Una posizione centrale tra le virtù etiche è ricoperta dalla giustizia: essa in senso lato coincide con la virtù. A. distingue tra la giustizia distributiva che consiste nell’attribuire a ciascuno secondo i propri meriti e la giustizia correttiva o commutativa che si esercita nei contratti e consiste nell’attribuire a ciascuna delle due parti contraenti una quantità eguale.

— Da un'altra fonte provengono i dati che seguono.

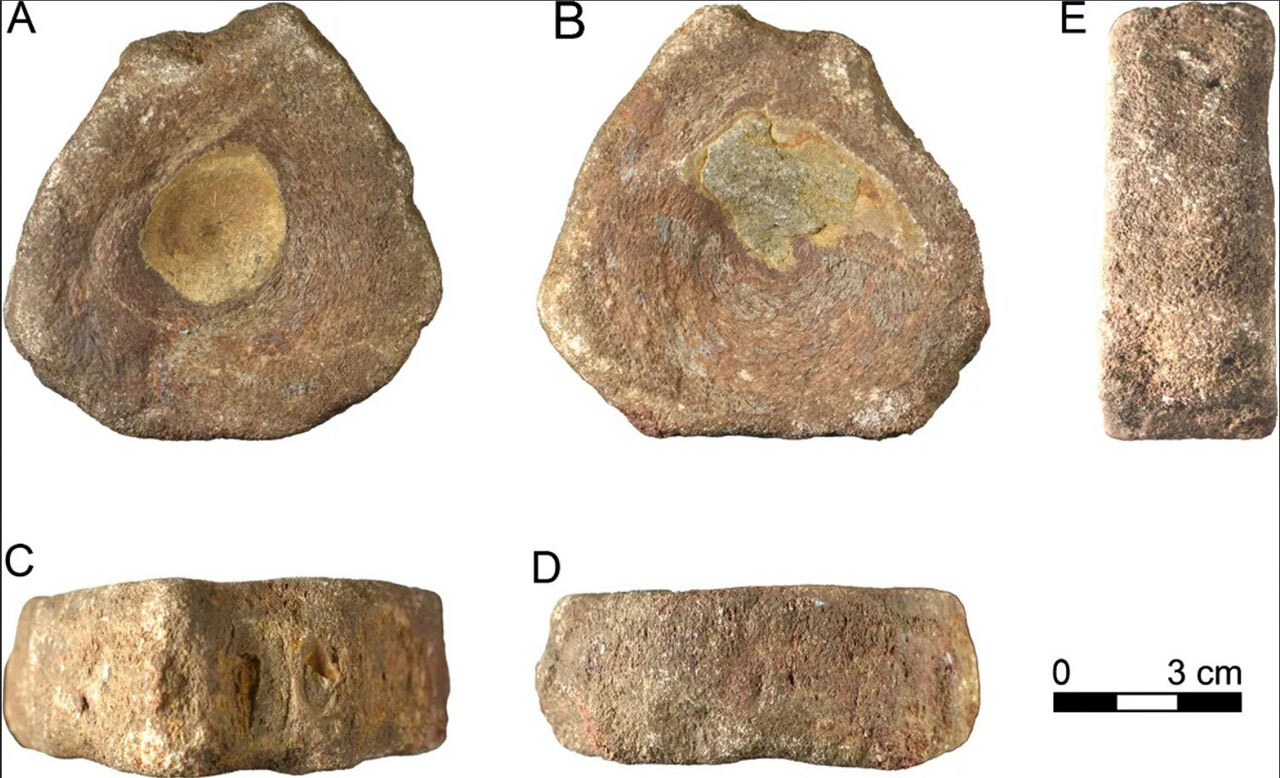 Впервые в истории позвонок ихтиозавра нашли в римской Британии 1800 лет назад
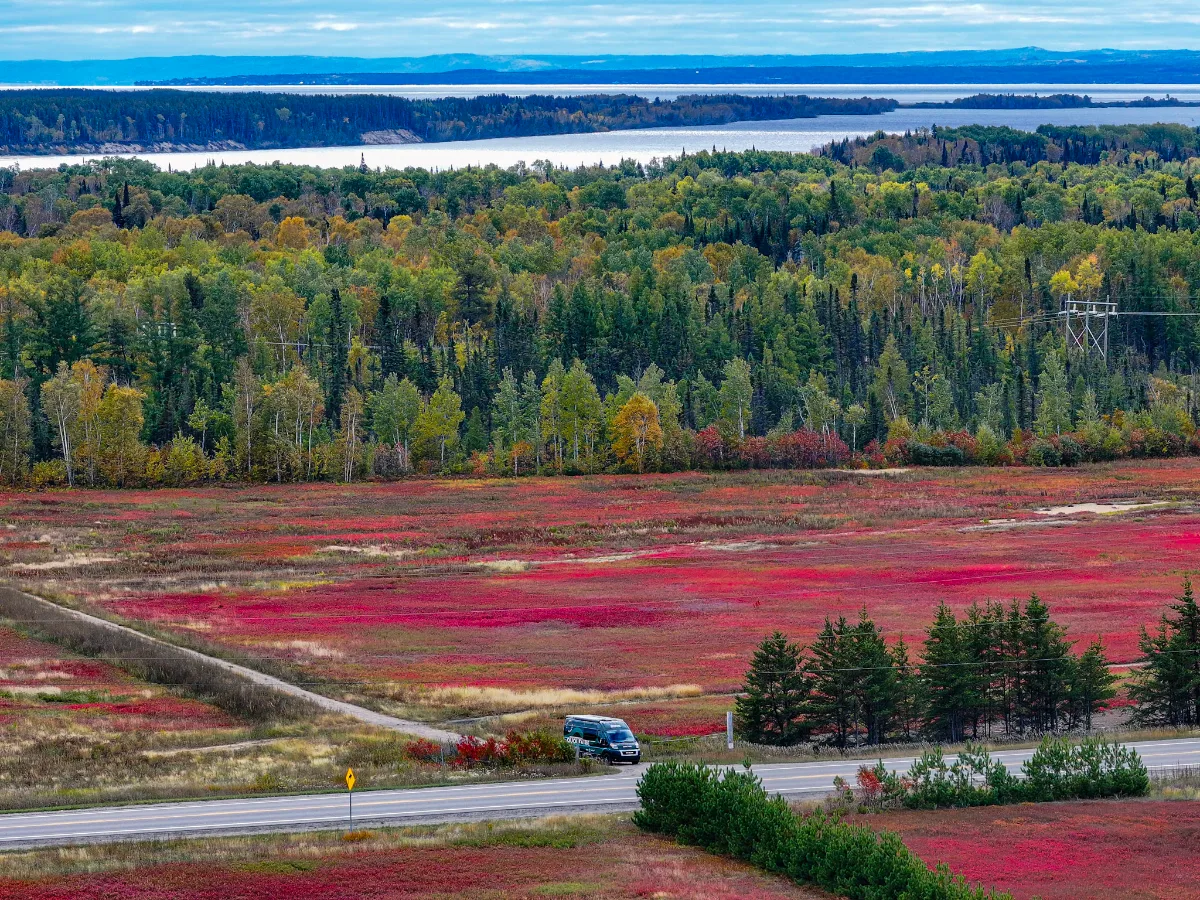 Bleuetière rouge bordée de forêt boréale au Lac-Saint-Jean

Accanto alle virtù etiche c’è ne sono 5 dianoetiche: l’arte, la saggezza, la scienza, l’intelletto, la sapienza. Questa ultima è la più alta e risulta dalla connessione tra la scienza (svolgere in modo corretto le dimostrazioni) e l’intelletto (orientato a cogliere i principi primi). L’attività propria del sapiente è la teoria, “la contemplazione” o meglio lo studio dell’universo nella totalità dei suoi aspetti. Il sapiente sta tra l’umano e il divino: per poter svolgere al meglio la sua attività deve essere libero da lavoro: solo la polis assicura questo “privilegio” ai sapienti. Egli allora è umano nella misura in cui legato ai bisogni primari, ma divino perché gli oggetti del suo sapere sono divini. La teoria è attività propria della divinità che a differenza dell’uomo la svolge in maniera ininterrotta.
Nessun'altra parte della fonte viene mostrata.